The Consumer Claims Tribunal was first introduced in November of 2003, under the Consumer Guarantees Act, and serves to protect the rights of consumers.
The most recent decision of the Tribunal was the case of consumer vs. a leading department store, which generated great interest in the business community, as it had implications for all businesses conducting hire purchase arrangements.
That case dealt with the refund available to the consumer, under a hire purchase agreement, where a defective good was returned to the supplier. The particular consumer won her case and claim, in the amount of some $3, 729.52.
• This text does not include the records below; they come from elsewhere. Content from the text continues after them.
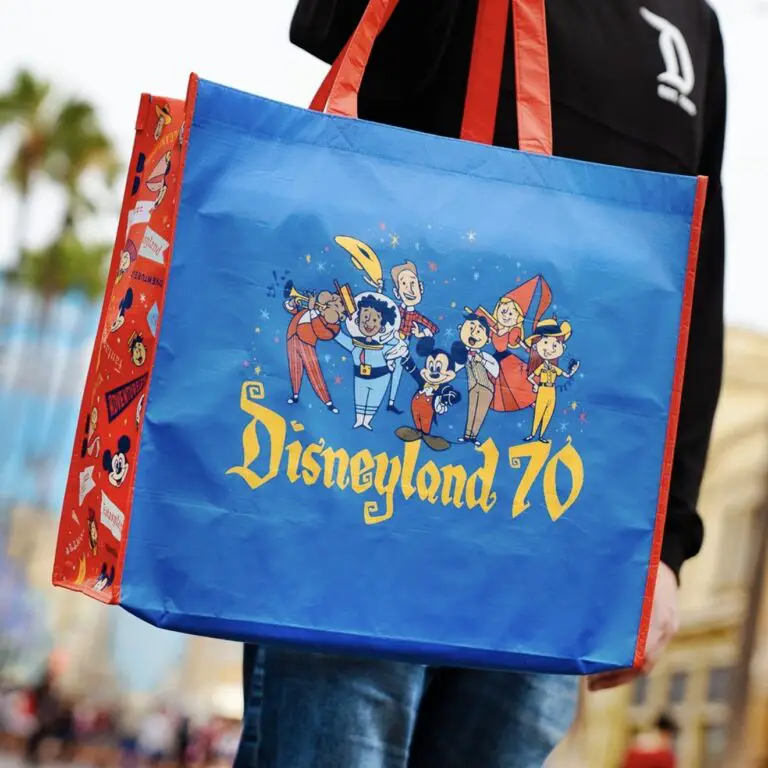 Disneyland 70 Magic Key Bag Featured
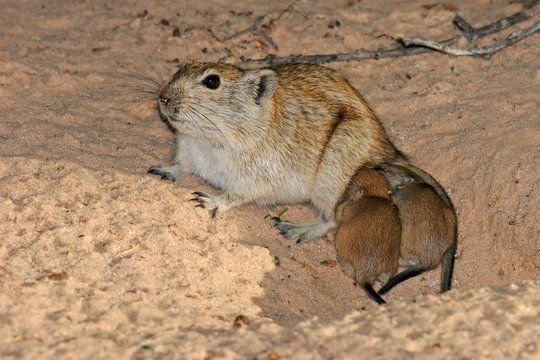 whistling rat with young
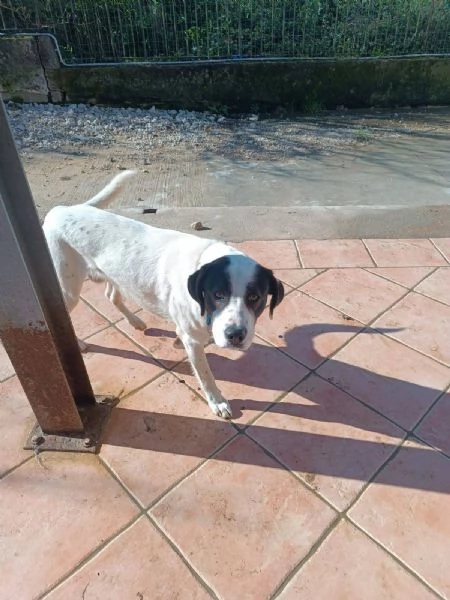 Ginojump sipatico cucciolone | Foto 0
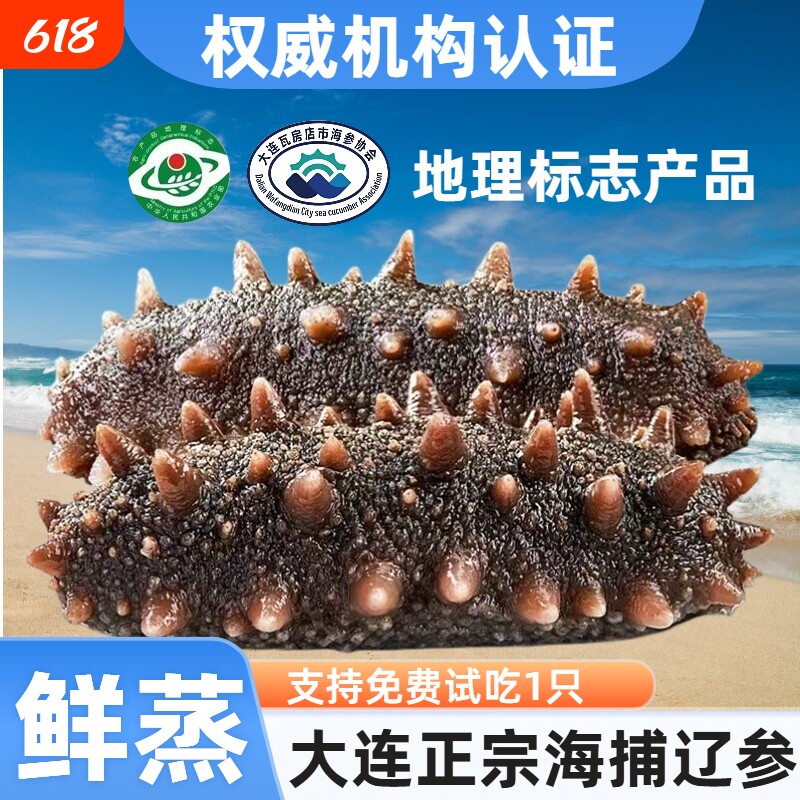 鲜蒸即食海参大连瓦房店协会产品辽参顺丰包邮水产冷冻深海底播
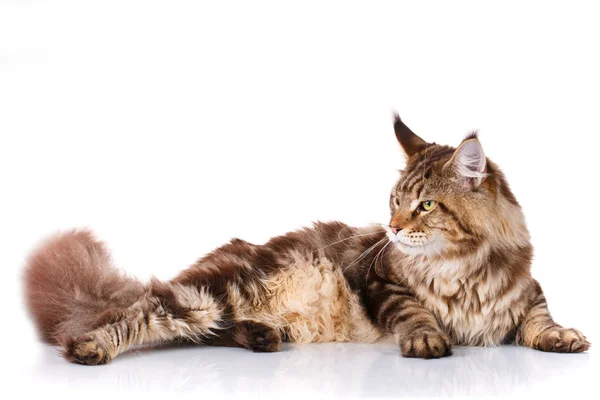 躺在白色背景上的棕色缅因库恩猫 — 图库照片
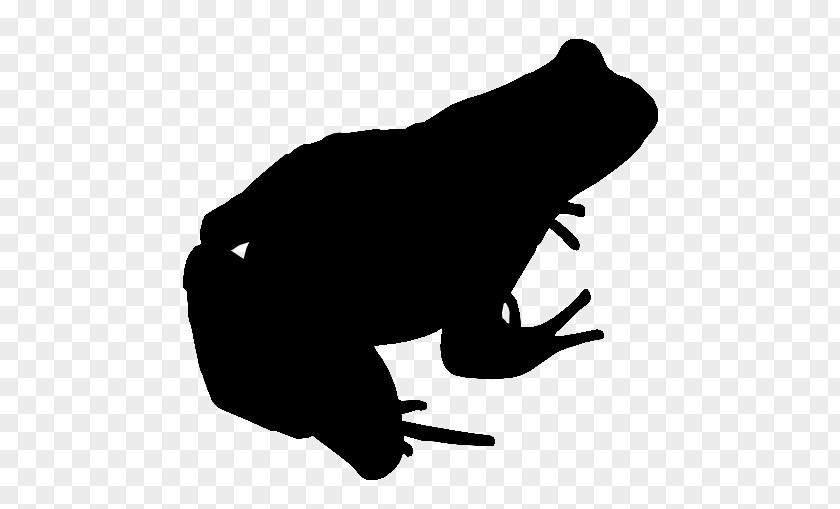 Frog Amphibians Toad Katak Dan Kodok PNG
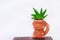 Sansevieria boncellensis  in old brown pot on table and white wall with space background , air purification trees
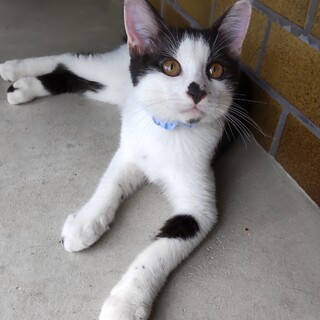 ニャルメシアン発見！？琥珀の瞳がすてき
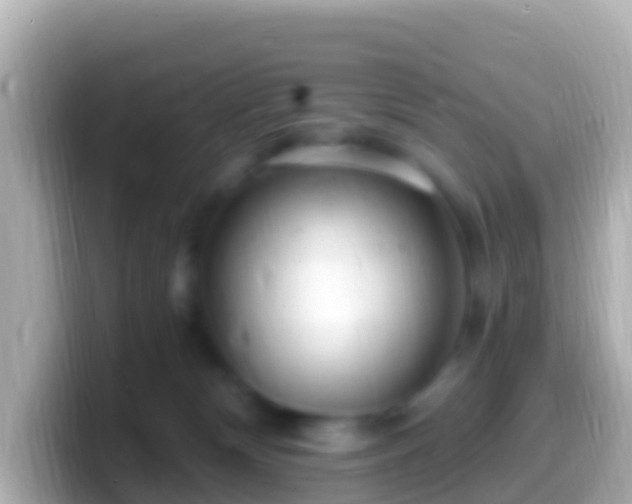 X0000099580132200805231558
The Registrar of the Consumer Claims Tribunal noted that the most complaints brought before the Tribunal during the period November 2003 to October 2007 were about house building and repairs, and motor vehicle purchases and repairs.
Other complaints ranged from the purchase of an unhealthy dog, and failure of a restaurant to provide entertainment at a reasonable time, to a case of a cancelled credit card by a bank, where the client suffered great financial loss as a result.
Mr. Best who is also the Senior Legal Assistant, in the Department of Commerce at the Ministry of Commerce, Consumer Affairs and Business Development, is encouraging small businesses to be aware of their eight obligations under the Consumer Guarantees Act. Consumers are also encouraged to ‘know their rights’.
Copies of the Act can be obtained from the Government Printery, while information on the Tribunal can be viewed at www.commerce.gov.bb under the section, consumer claims tribunal.